╭─ Material to process
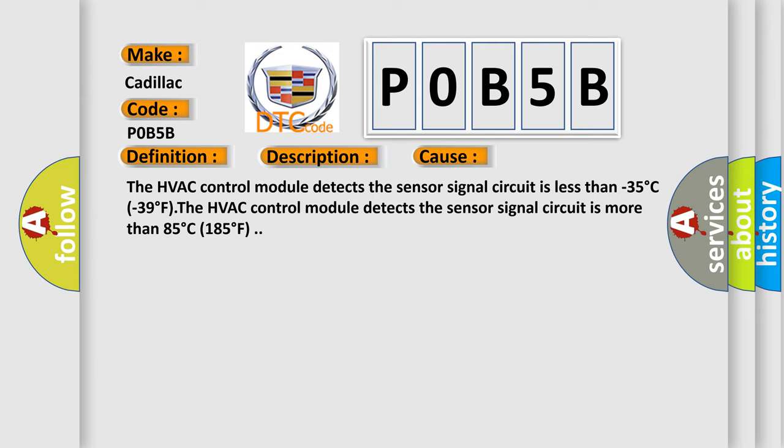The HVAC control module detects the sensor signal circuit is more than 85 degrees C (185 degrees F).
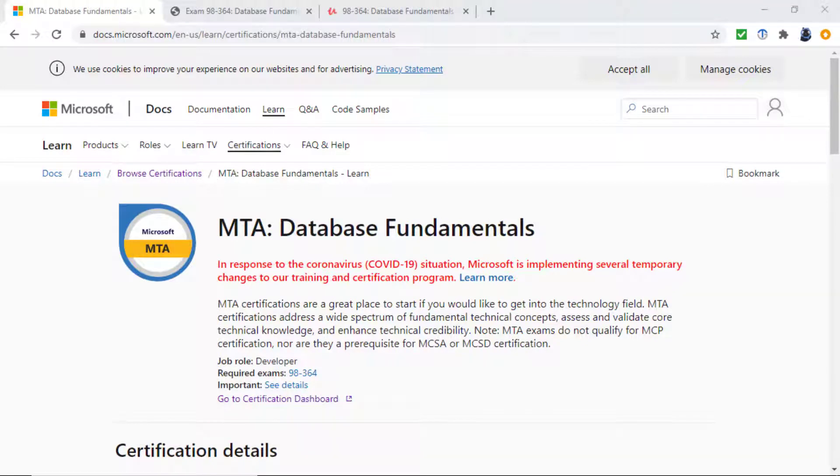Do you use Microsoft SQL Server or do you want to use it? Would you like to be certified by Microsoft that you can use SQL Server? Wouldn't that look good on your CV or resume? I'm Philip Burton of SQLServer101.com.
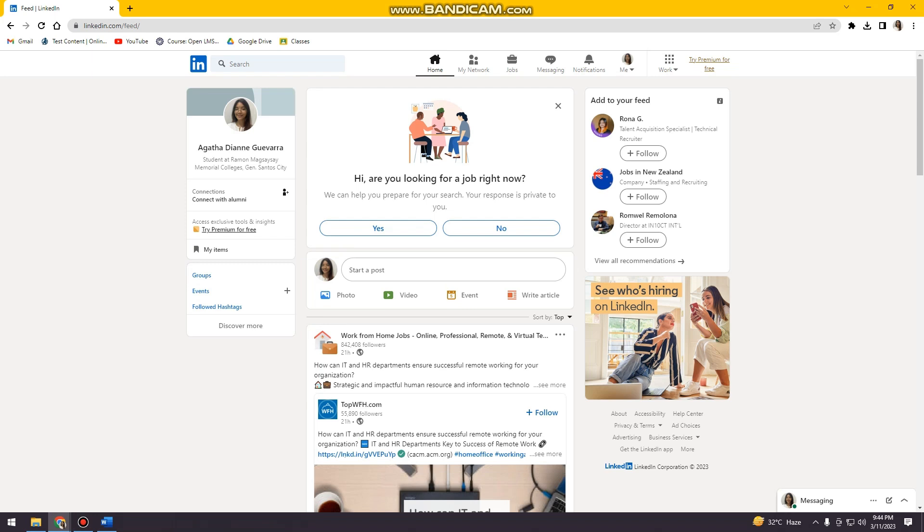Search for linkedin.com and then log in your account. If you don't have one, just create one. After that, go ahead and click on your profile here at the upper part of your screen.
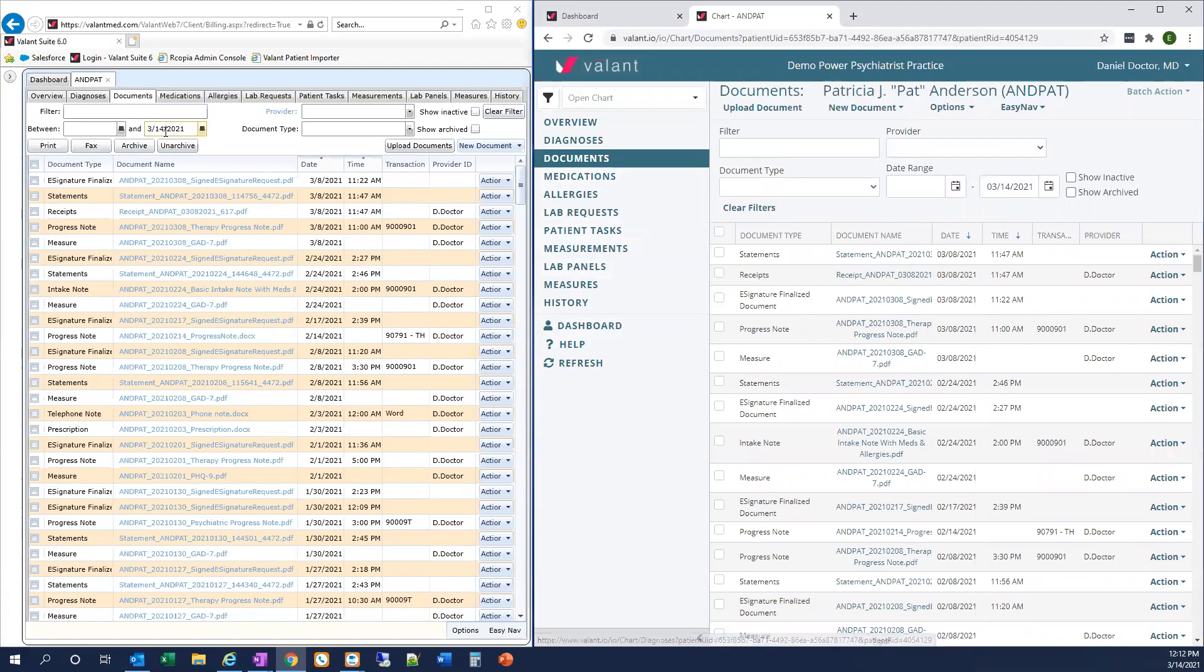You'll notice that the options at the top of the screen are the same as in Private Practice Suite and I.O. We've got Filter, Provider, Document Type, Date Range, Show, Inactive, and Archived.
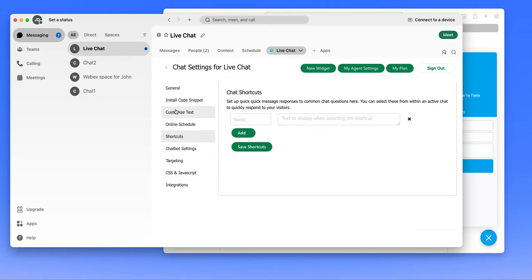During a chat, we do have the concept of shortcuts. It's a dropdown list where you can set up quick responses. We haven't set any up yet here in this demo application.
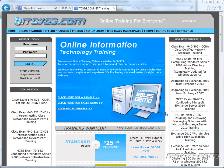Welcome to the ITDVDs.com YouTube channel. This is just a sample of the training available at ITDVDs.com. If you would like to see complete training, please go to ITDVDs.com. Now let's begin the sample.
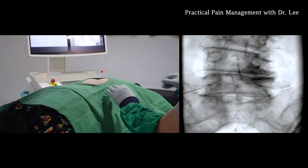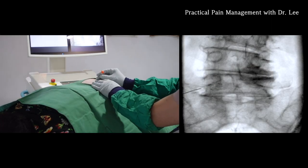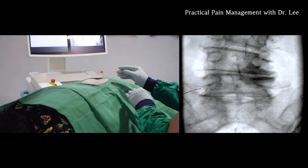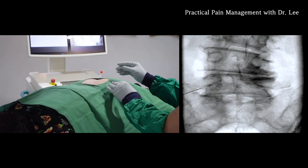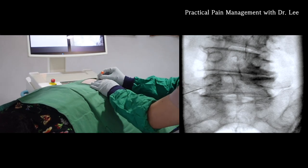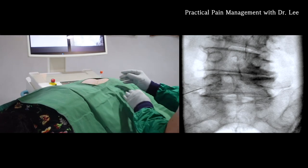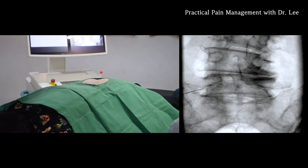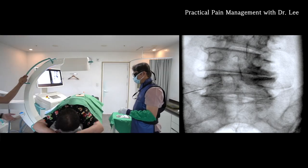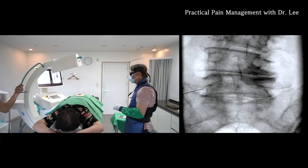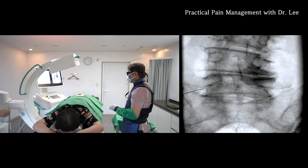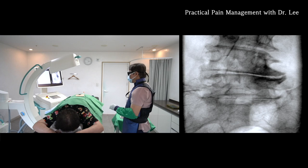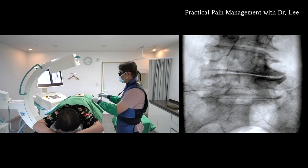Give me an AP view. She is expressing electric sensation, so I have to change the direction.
╰─
╭─ Material to process
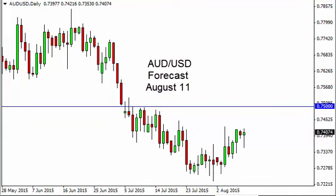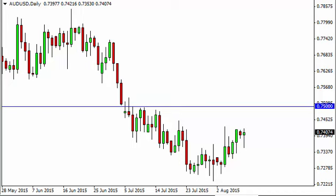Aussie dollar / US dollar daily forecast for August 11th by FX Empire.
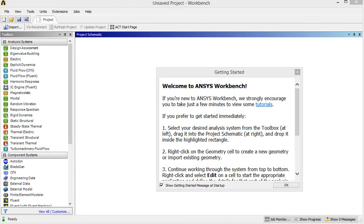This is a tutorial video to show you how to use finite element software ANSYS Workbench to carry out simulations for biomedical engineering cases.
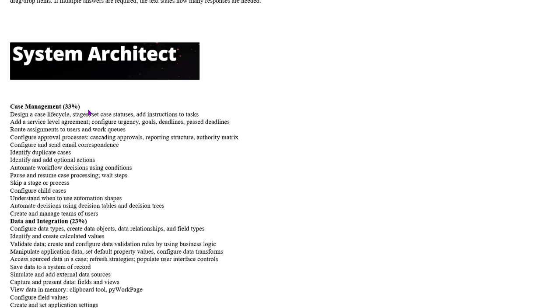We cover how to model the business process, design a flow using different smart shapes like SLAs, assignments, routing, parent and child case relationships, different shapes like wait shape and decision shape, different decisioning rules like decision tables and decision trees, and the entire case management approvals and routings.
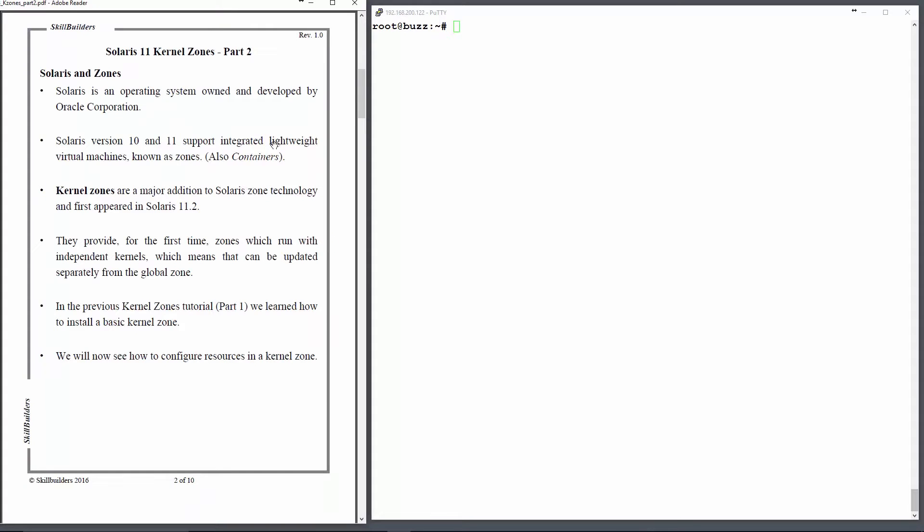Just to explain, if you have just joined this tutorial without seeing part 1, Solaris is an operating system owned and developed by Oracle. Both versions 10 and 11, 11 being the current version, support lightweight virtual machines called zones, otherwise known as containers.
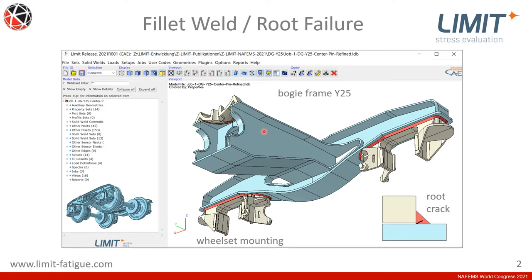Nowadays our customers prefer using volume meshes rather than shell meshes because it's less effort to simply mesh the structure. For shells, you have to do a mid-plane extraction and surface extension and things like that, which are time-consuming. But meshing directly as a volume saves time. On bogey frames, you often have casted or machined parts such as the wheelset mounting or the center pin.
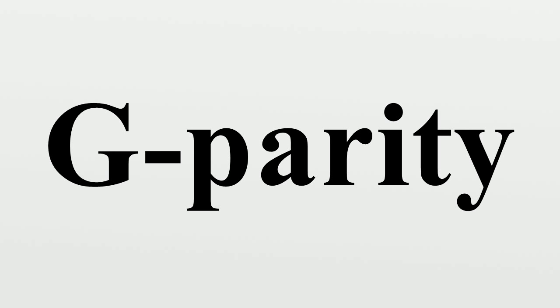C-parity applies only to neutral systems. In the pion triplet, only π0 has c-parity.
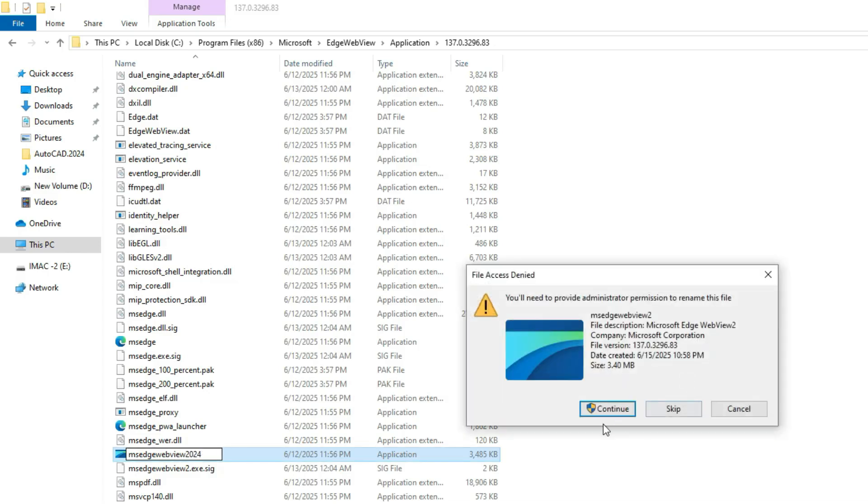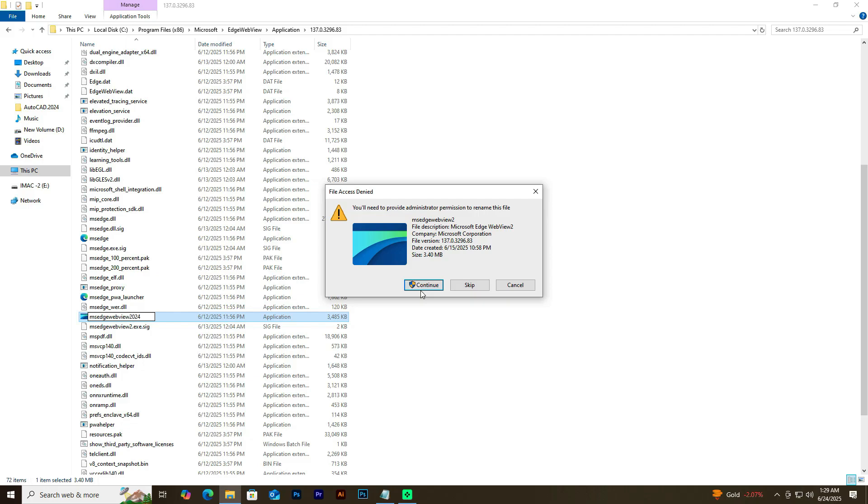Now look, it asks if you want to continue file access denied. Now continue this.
╰─
**Prompt:** Among the lines above, the one with "The HVAC control" opens the part to repeat and the one with "Search for linkedin.com" closes it; repeat only that part exactly, with no pictures.

**Answer for this exercise:**
The HVAC control module detects the sensor signal circuit is more than 85 degrees C (185 degrees F).
Do you use Microsoft SQL Server or do you want to use it? Would you like to be certified by Microsoft that you can use SQL Server? Wouldn't that look good on your CV or resume? I'm Philip Burton of SQLServer101.com.
Search for linkedin.com and then log in your account. If you don't have one, just create one. After that, go ahead and click on your profile here at the upper part of your screen.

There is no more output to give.